• WHAT THE EXERCISE ASKS:
Restate, exactly and without pictures, the lines from the start of the listing below through the line holding "VALVE ASSEMBLY, PRESSURE".

[PROVIDED MATERIAL — start]

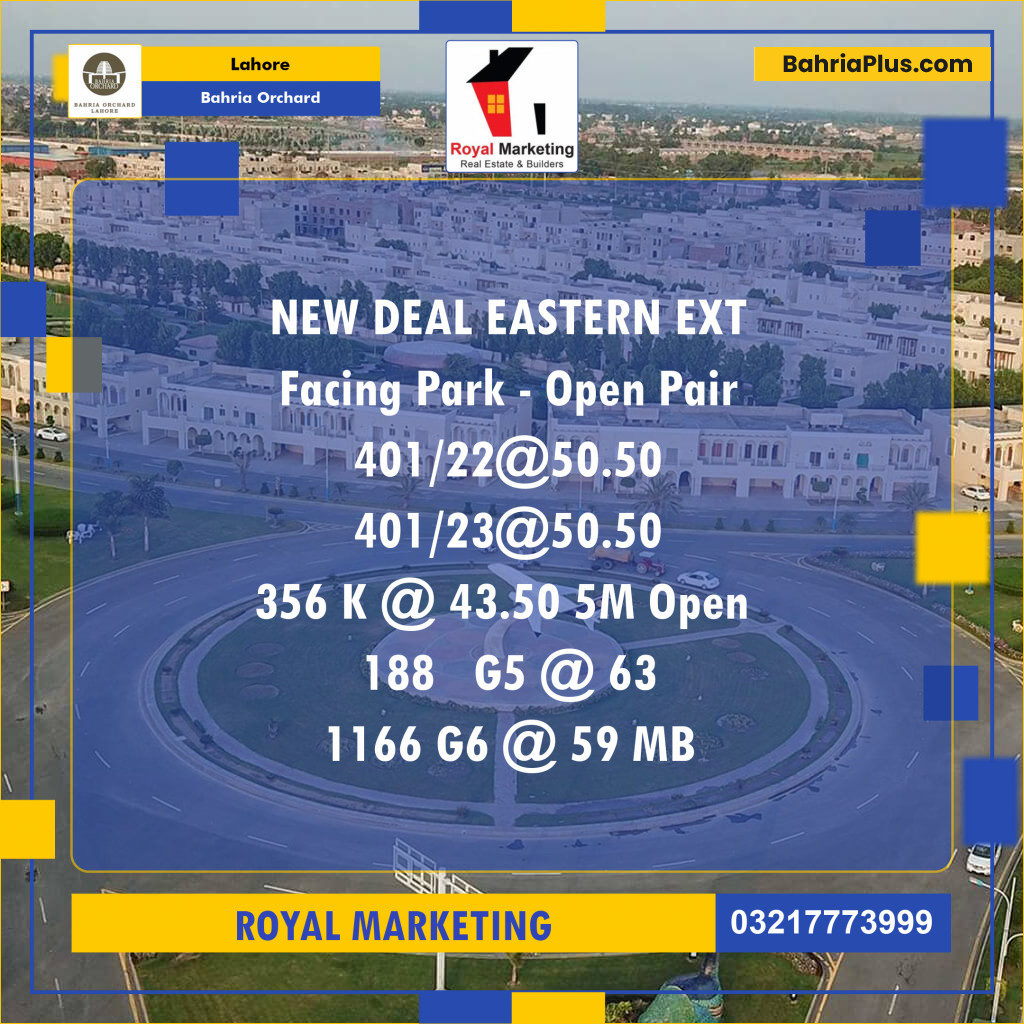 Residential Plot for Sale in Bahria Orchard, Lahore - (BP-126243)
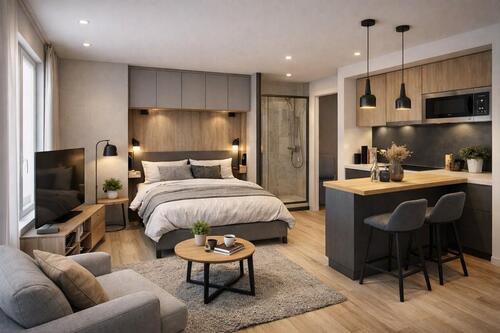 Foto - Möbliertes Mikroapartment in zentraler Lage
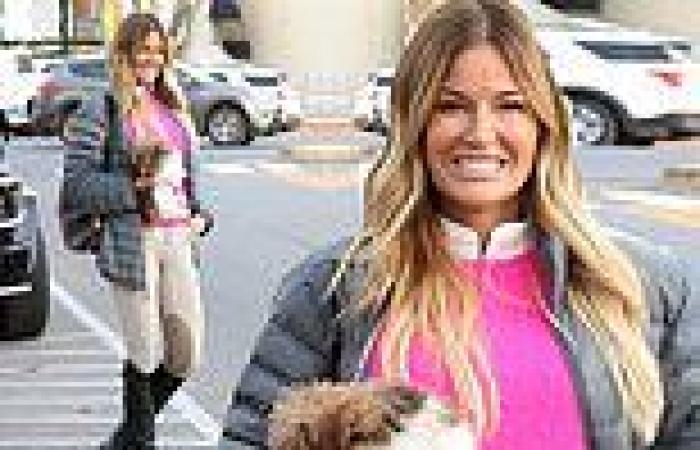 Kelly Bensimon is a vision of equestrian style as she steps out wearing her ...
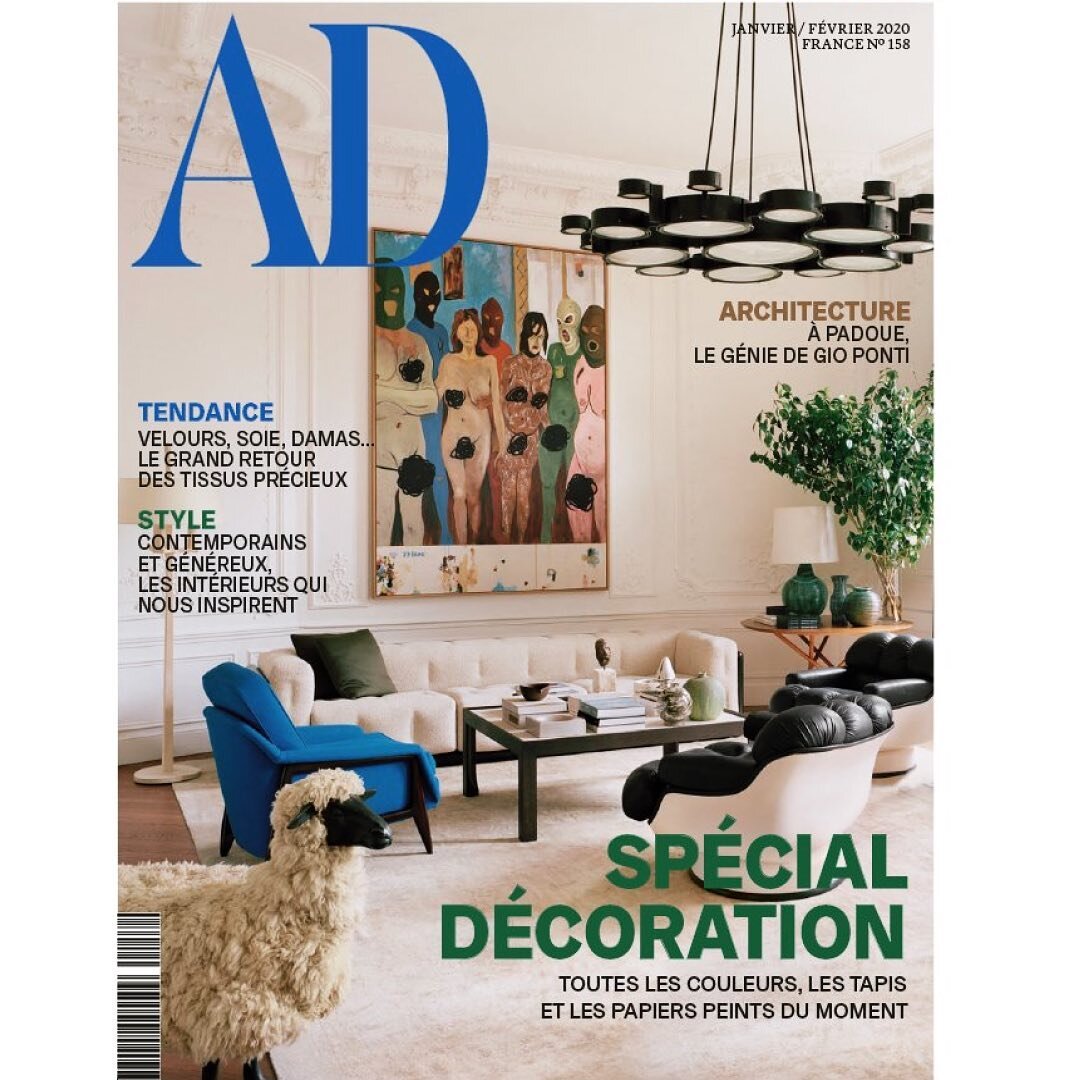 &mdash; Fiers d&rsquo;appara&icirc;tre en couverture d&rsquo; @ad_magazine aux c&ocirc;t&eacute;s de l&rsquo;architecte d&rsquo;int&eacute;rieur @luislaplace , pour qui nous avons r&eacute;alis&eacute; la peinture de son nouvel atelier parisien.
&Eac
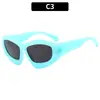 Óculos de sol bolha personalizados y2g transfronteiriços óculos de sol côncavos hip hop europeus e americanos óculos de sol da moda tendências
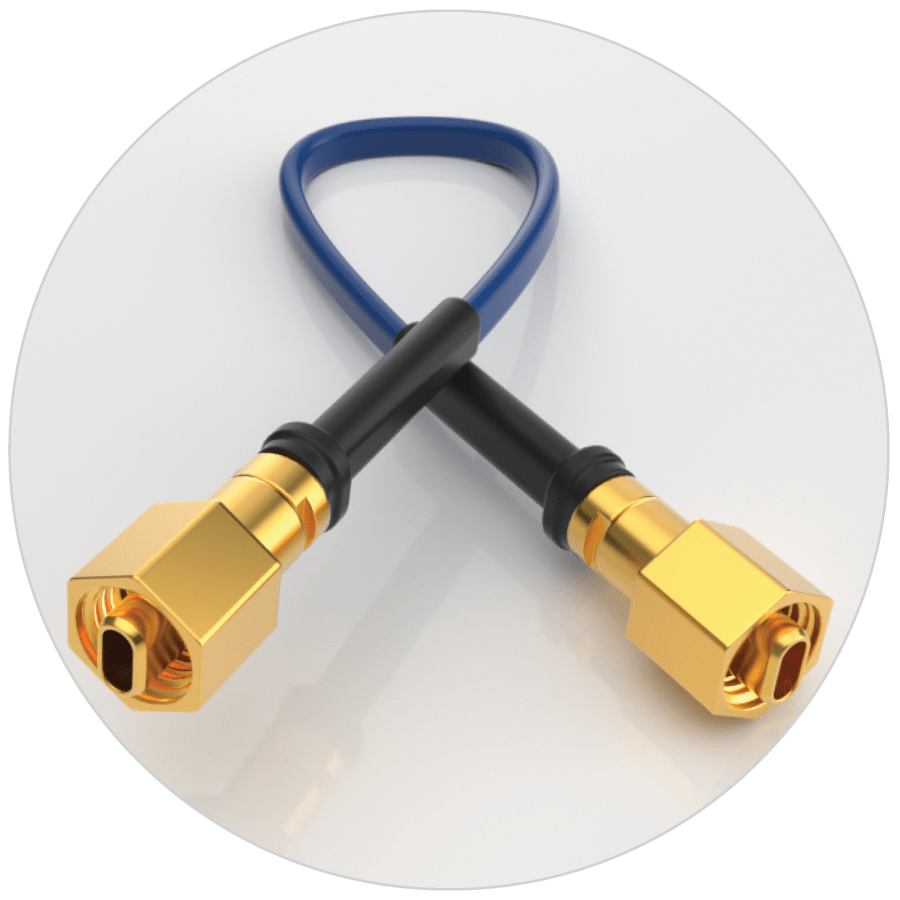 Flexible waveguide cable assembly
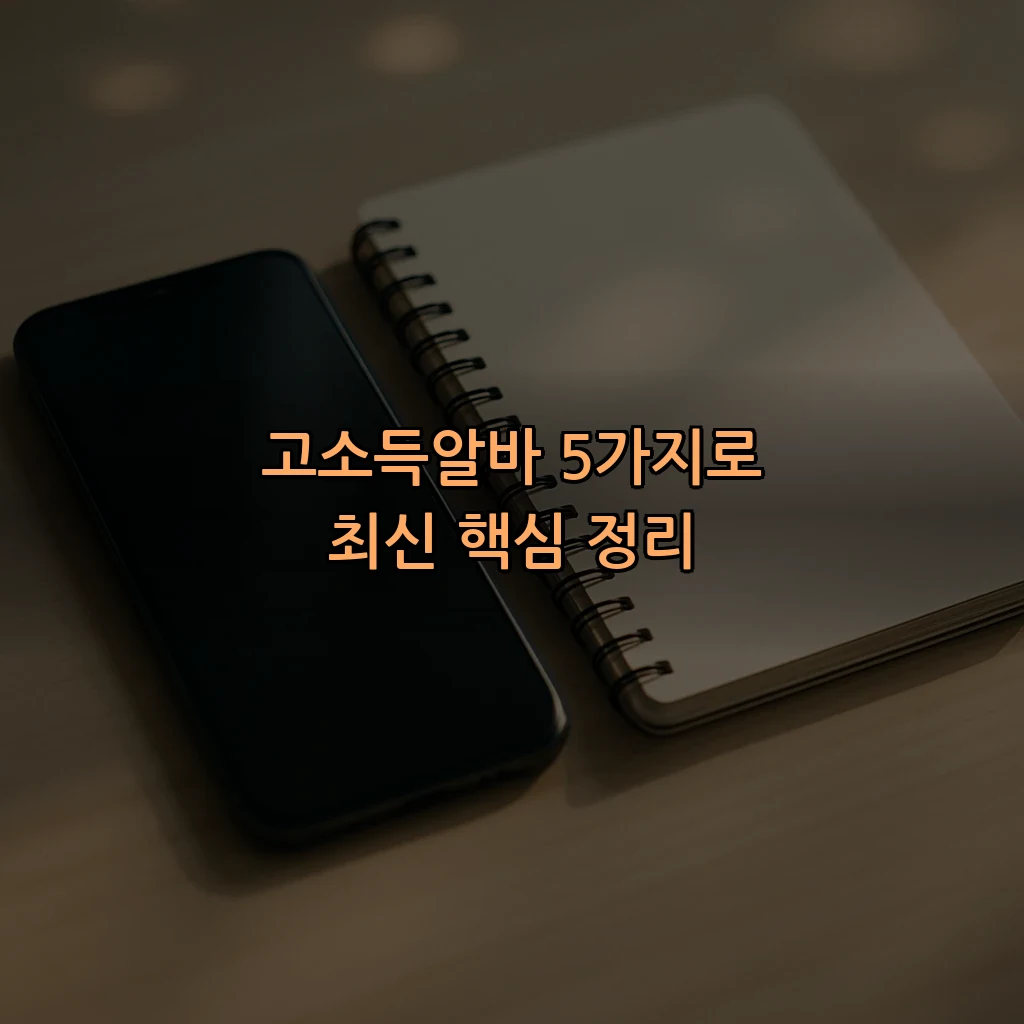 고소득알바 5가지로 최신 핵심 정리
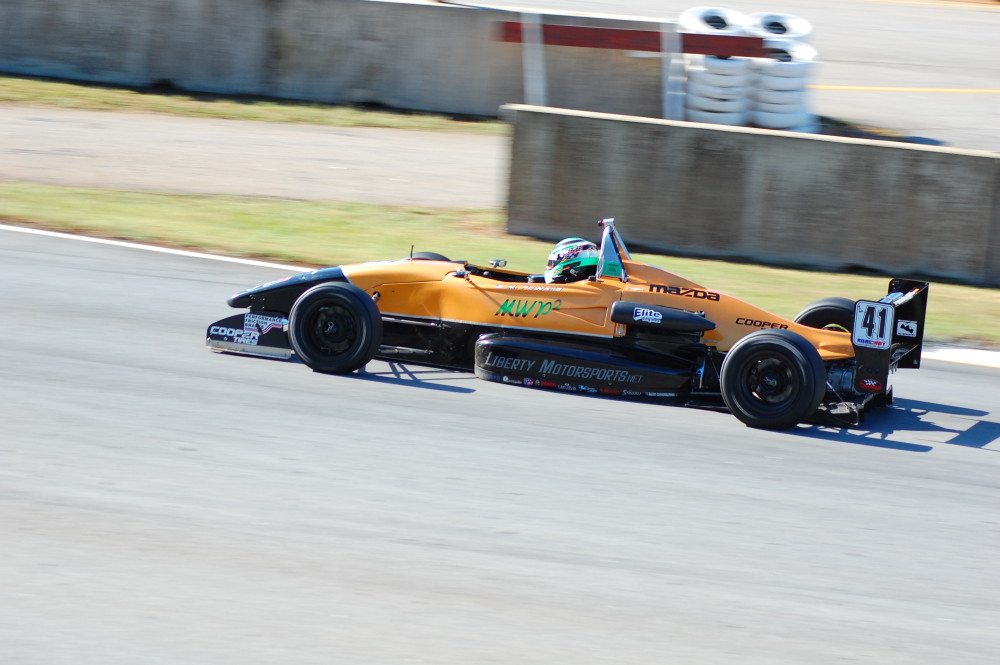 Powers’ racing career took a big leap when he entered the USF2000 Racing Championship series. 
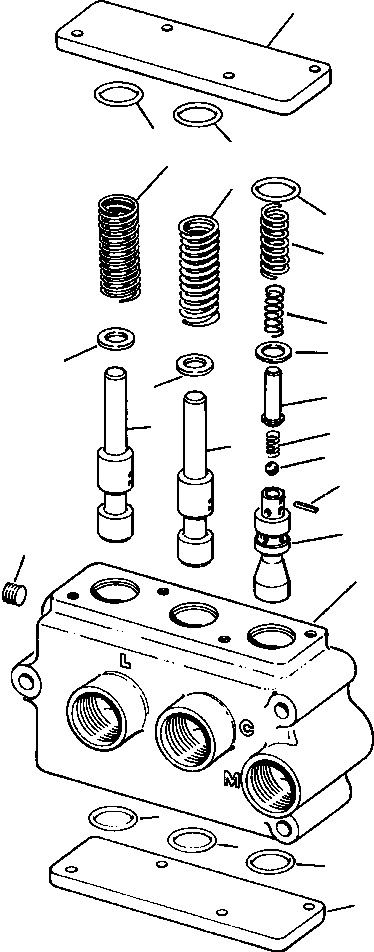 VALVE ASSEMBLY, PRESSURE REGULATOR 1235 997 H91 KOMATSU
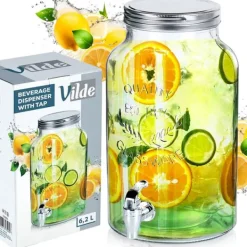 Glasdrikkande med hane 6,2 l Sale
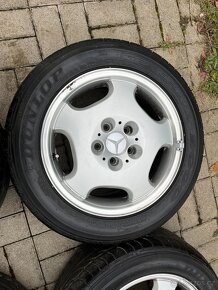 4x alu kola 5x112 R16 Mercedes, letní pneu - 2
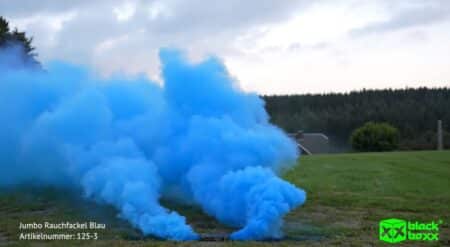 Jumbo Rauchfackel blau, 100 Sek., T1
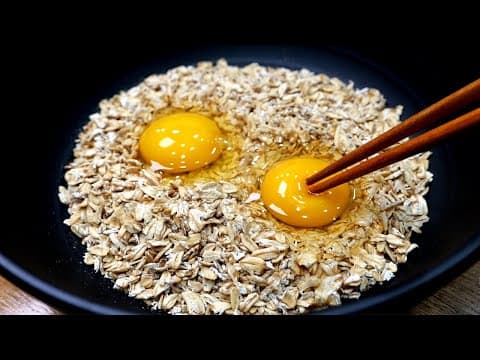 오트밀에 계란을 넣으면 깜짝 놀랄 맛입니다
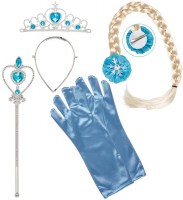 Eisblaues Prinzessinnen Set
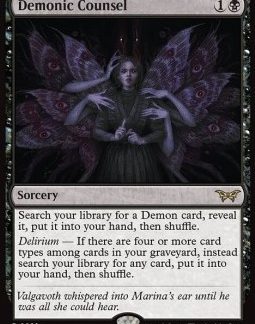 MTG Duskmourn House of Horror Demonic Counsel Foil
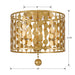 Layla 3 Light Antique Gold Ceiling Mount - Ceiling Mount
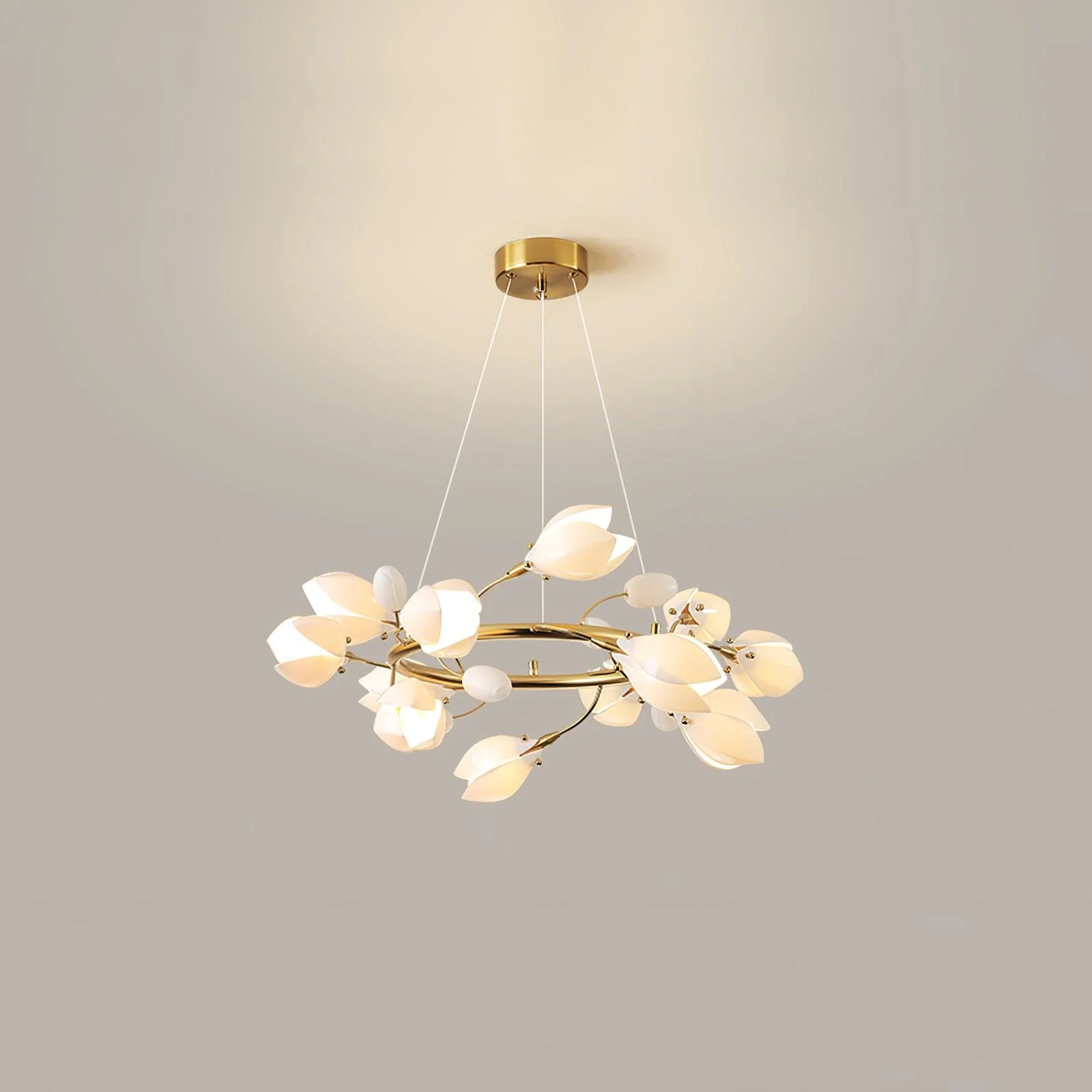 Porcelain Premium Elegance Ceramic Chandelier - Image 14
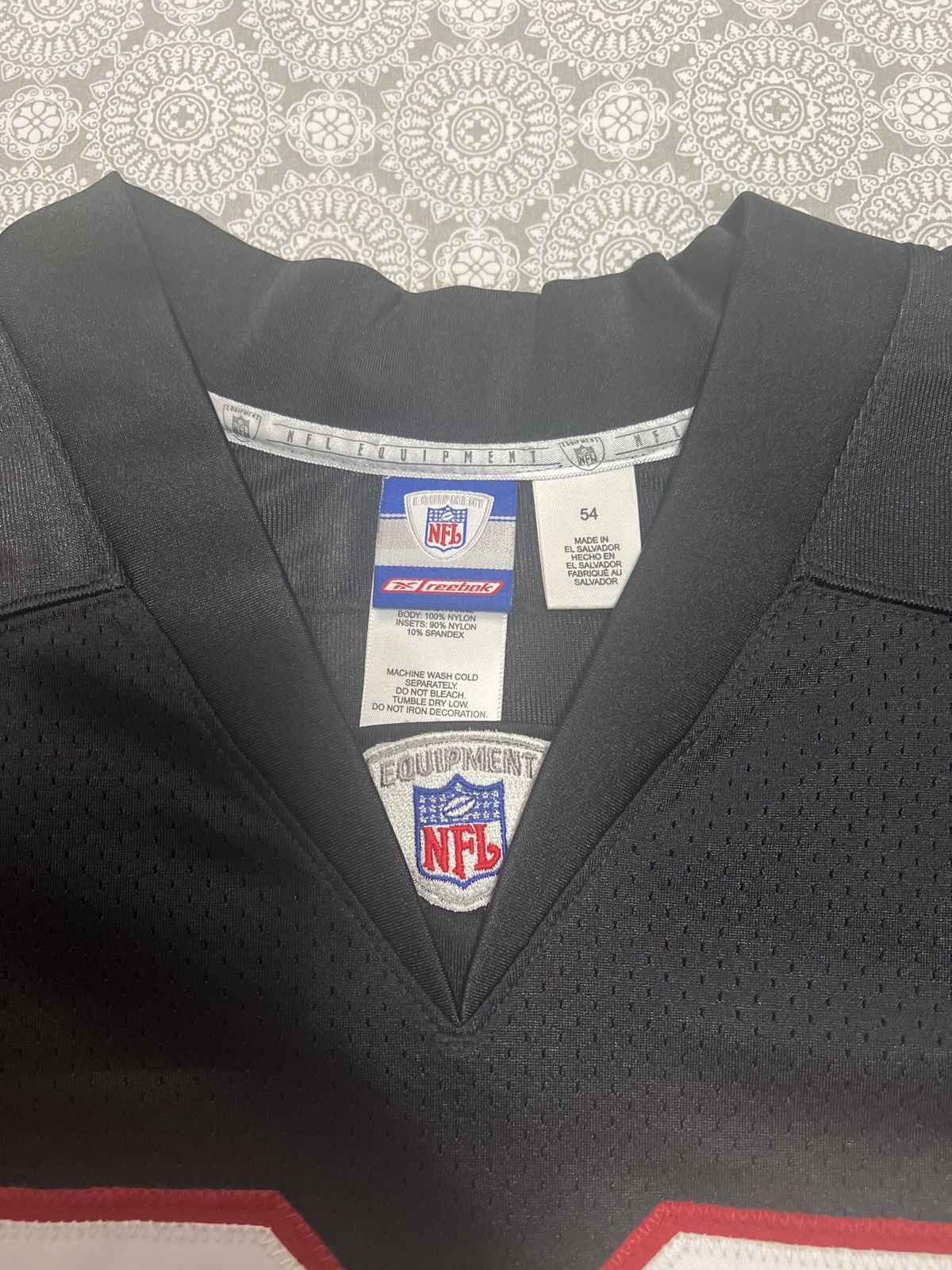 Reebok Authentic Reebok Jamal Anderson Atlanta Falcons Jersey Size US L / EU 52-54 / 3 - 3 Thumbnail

[PROVIDED MATERIAL — finish]

• TASK RESPONSE:
 Residential Plot for Sale in Bahria Orchard, Lahore - (BP-126243)
 Foto - Möbliertes Mikroapartment in zentraler Lage
 Kelly Bensimon is a vision of equestrian style as she steps out wearing her ...
 &mdash; Fiers d&rsquo;appara&icirc;tre en couverture d&rsquo; @ad_magazine aux c&ocirc;t&eacute;s de l&rsquo;architecte d&rsquo;int&eacute;rieur @luislaplace , pour qui nous avons r&eacute;alis&eacute; la peinture de son nouvel atelier parisien.
&Eac
 Óculos de sol bolha personalizados y2g transfronteiriços óculos de sol côncavos hip hop europeus e americanos óculos de sol da moda tendências
 Flexible waveguide cable assembly
 고소득알바 5가지로 최신 핵심 정리
 Powers’ racing career took a big leap when he entered the USF2000 Racing Championship series. 
 VALVE ASSEMBLY, PRESSURE REGULATOR 1235 997 H91 KOMATSU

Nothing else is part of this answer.